Thanks to LED technology, we can love December again
Time was when December was, aside from the holidays, the worst month in Alaska.
Where America has it’s “hump day” to get over every week, the 49th state has it’s “hump month.”
Winter solstice is something of a northern D-Day. The thinking is that if you can simply survive until then, things will get better. Truly, they will. The oh-so-short days will begin getting longer. The sun will come back.
Seasonal affective disorder – SAD, as they call it – will begin to fade. But these were the bad old days.
Technology is a wonderful thing, and a little invention called the light-emitting diode – LED for short – is quickly becoming the best winter friend imaginable of Alaskans everywhere.

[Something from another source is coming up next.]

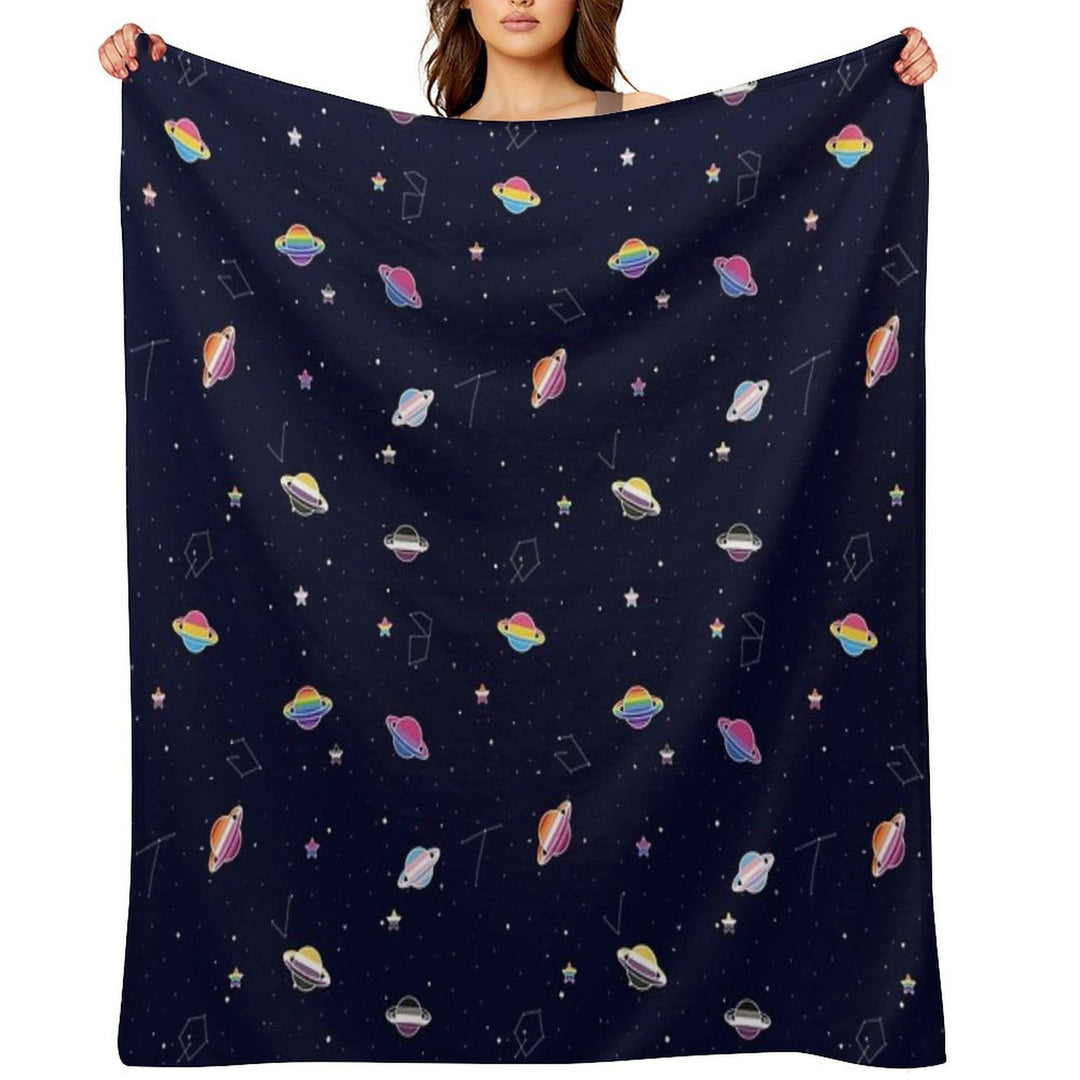 LGBTQ Pride Planets & Stars in Space Pattern Easy Care Throw Blanket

No, we’re not talking about SAD lights here.
We’re talking about an LED about the size of a match head that can now be put in a headlamp and fired up to produce hundreds, even thousands, of “lumens,” as they say. Lumens are a measure of visible light.

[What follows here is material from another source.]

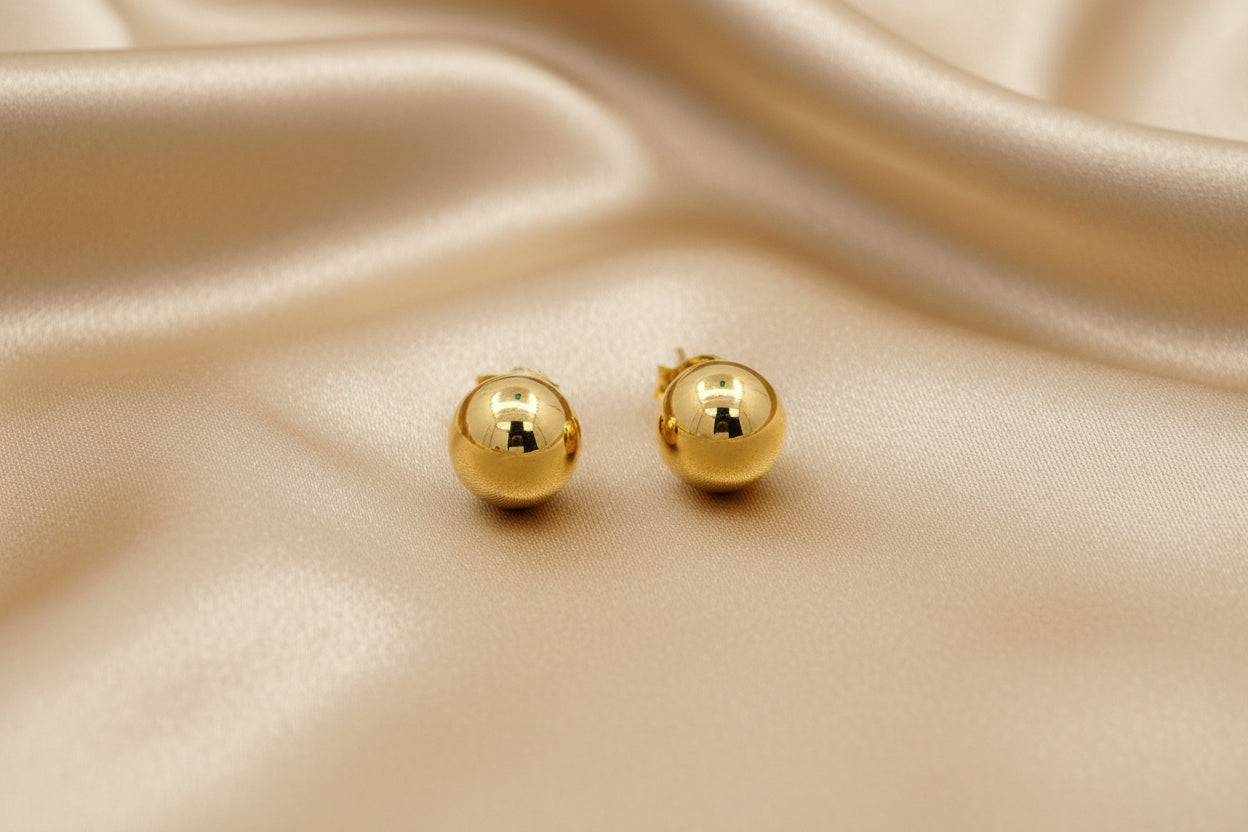 14K YG 8MM BALL STUDS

The headlights on your car pump out somewhere around 1,000 lumens on low and 1,500 lumens on high. There are now headlamps and bike lights that will produce more light than that.
The one I used last winter one night scared a neighbor coming up the street toward a neighborhood ski trail. She thought a car was speeding down toward her loose dog and scrambled to get the animal out of the way. The “car” was me on skis with a relatively cheap, Chinese-made headlamp on my noggin.

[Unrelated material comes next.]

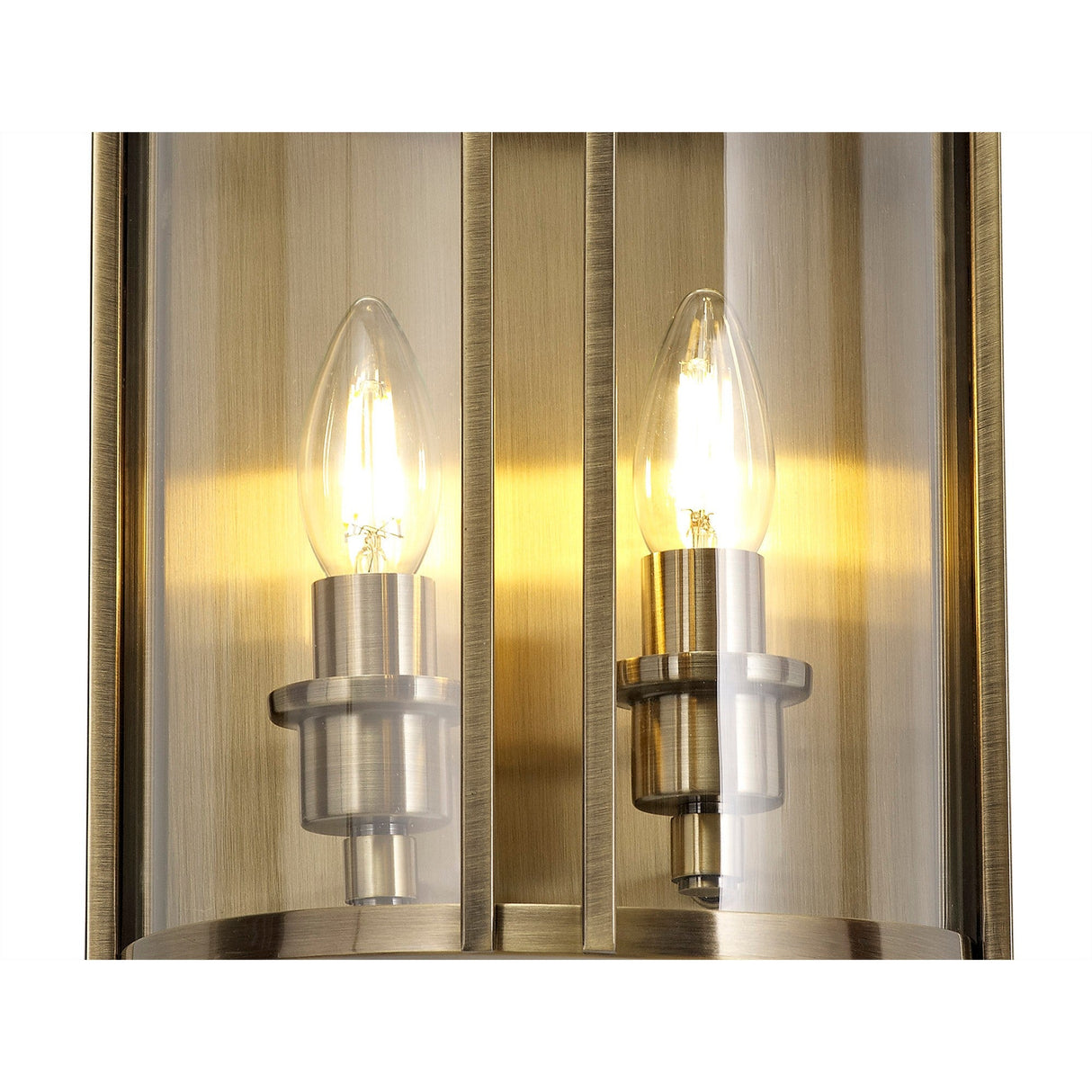Eaton 2 Light Glass Wall Light - Antique Brass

These lights are now so bright and powerful that the only complaint one can make about them is that they are sometimes too bright and powerful. If you find yourself out in a big snowstorm, the reflection of artificial light off the falling snow can actually make it harder to see ahead, not easier.
Thus, the question of today is not how much light can you get, but how much light do you need?
On a pitch-black, moonless night, it’s nice to be able to light up the trail ahead with a couple thousand lumens, but is it really necessary? And what about other trail users?
Handlebar-attached bike lights are especially bad in this regard. They’re pretty much always pointing straight ahead down the trail. At least with a headlight, or a helmet-mounted bike light, one can aim the beam off trail so as not to blind oncoming traffic.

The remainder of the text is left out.